Information:

┌──

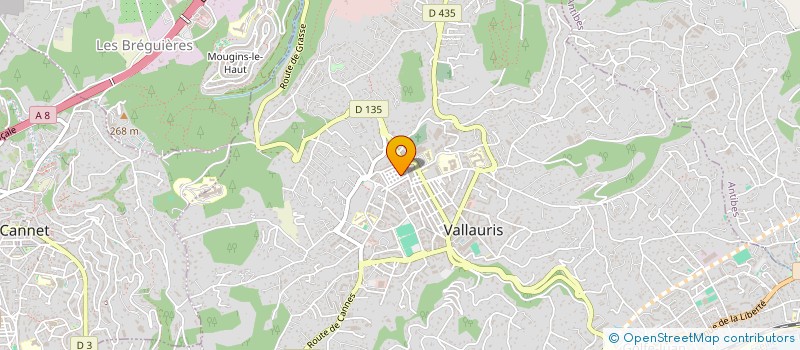 localisation de l'entreprise MONSIEUR JEAN-MARIE PERROT à VALLAURIS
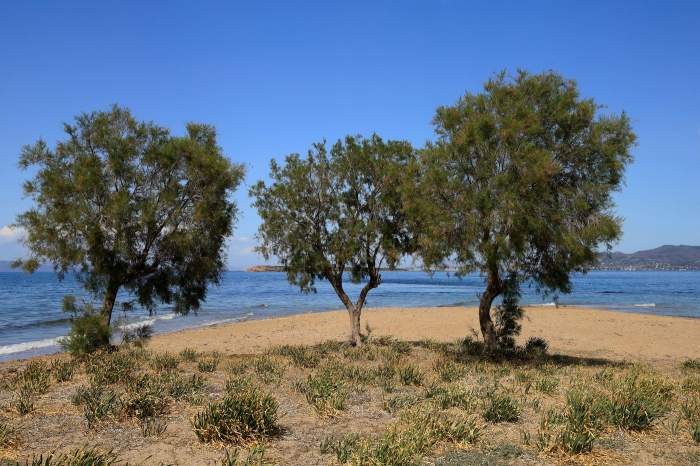 Insula Agistri din Grecia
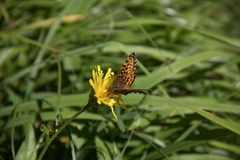 Boloria titania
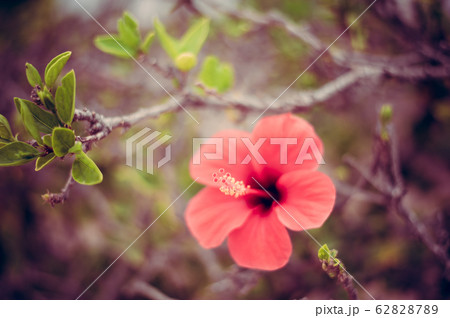 Hibiscus rosa-sinensis known colloquially as 62828789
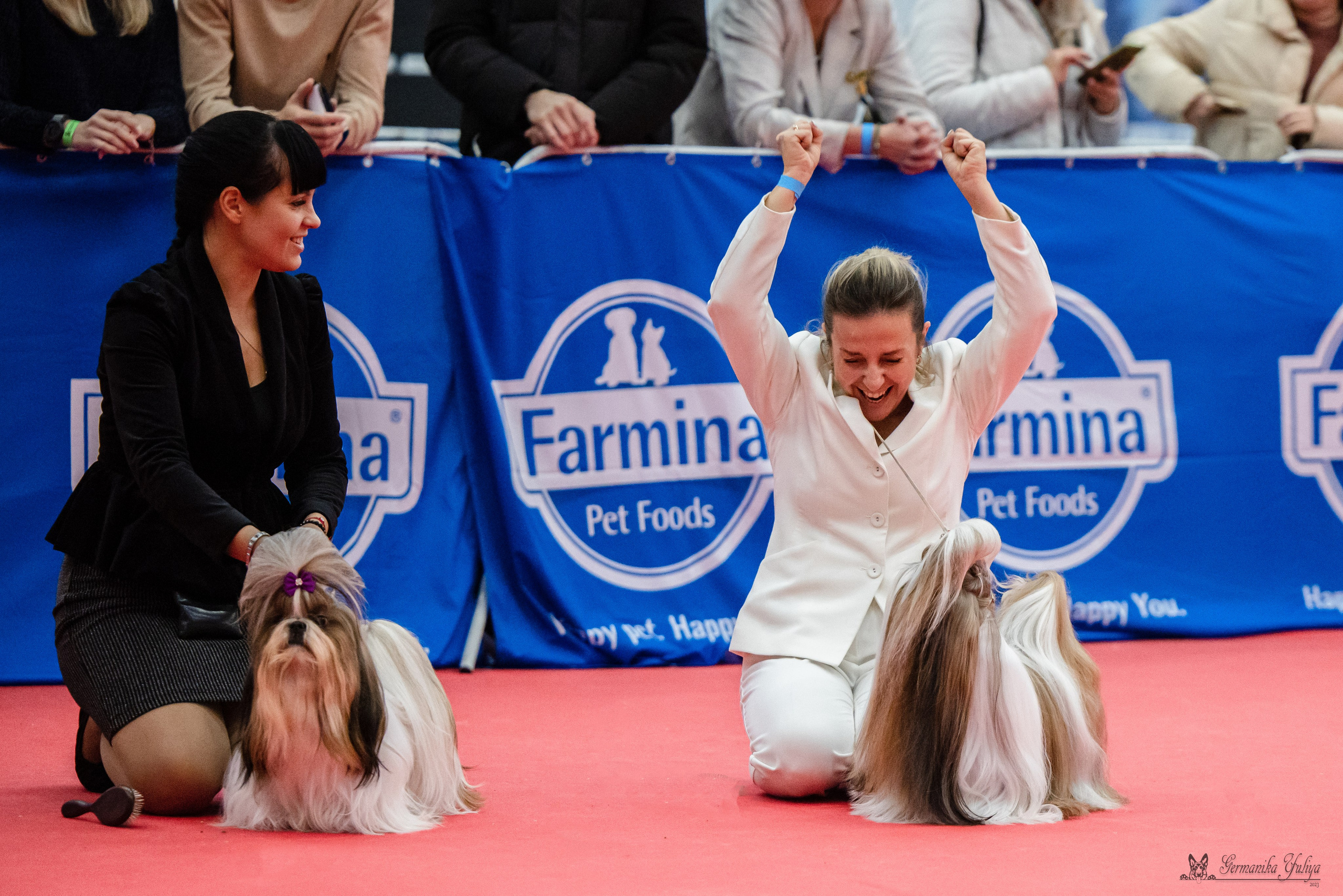 Нижний Новгород 21-22.10.2023. Фотограф-анималист Юлия Германика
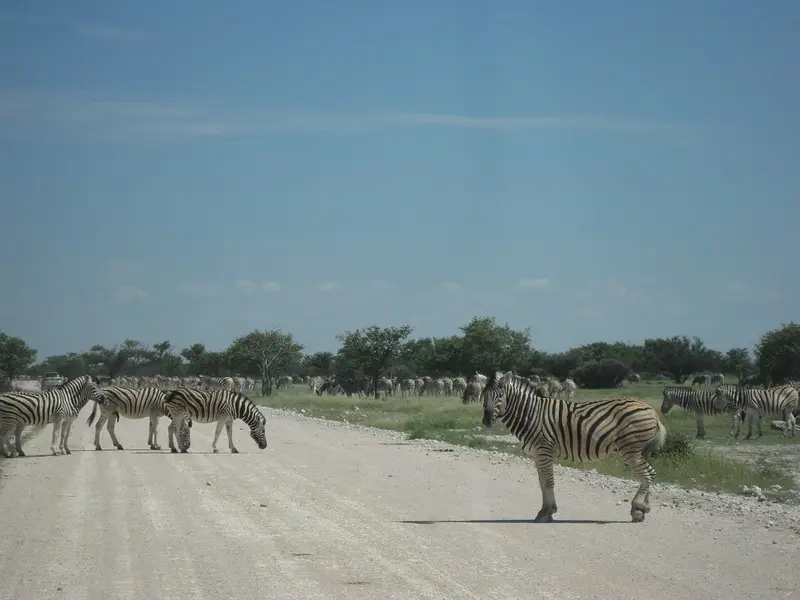 Namibia2010_-1891.jpg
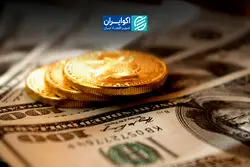 دلار، سکه و طلا در یک ماه پرماجرا؛ از جهش 6 درصدی تا سقوط قیمت‌ها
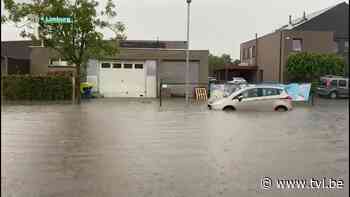 KMI kondigt code geel af in Limburg vanaf morgenvroeg - TV Limburg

└──

Work to be completed: Pictures stay out; print everything else in the data exactly.

Solution for this exercise:
 localisation de l'entreprise MONSIEUR JEAN-MARIE PERROT à VALLAURIS
 Insula Agistri din Grecia
 Boloria titania
 Hibiscus rosa-sinensis known colloquially as 62828789
 Нижний Новгород 21-22.10.2023. Фотограф-анималист Юлия Германика
 Namibia2010_-1891.jpg
 دلار، سکه و طلا در یک ماه پرماجرا؛ از جهش 6 درصدی تا سقوط قیمت‌ها
 KMI kondigt code geel af in Limburg vanaf morgenvroeg - TV Limburg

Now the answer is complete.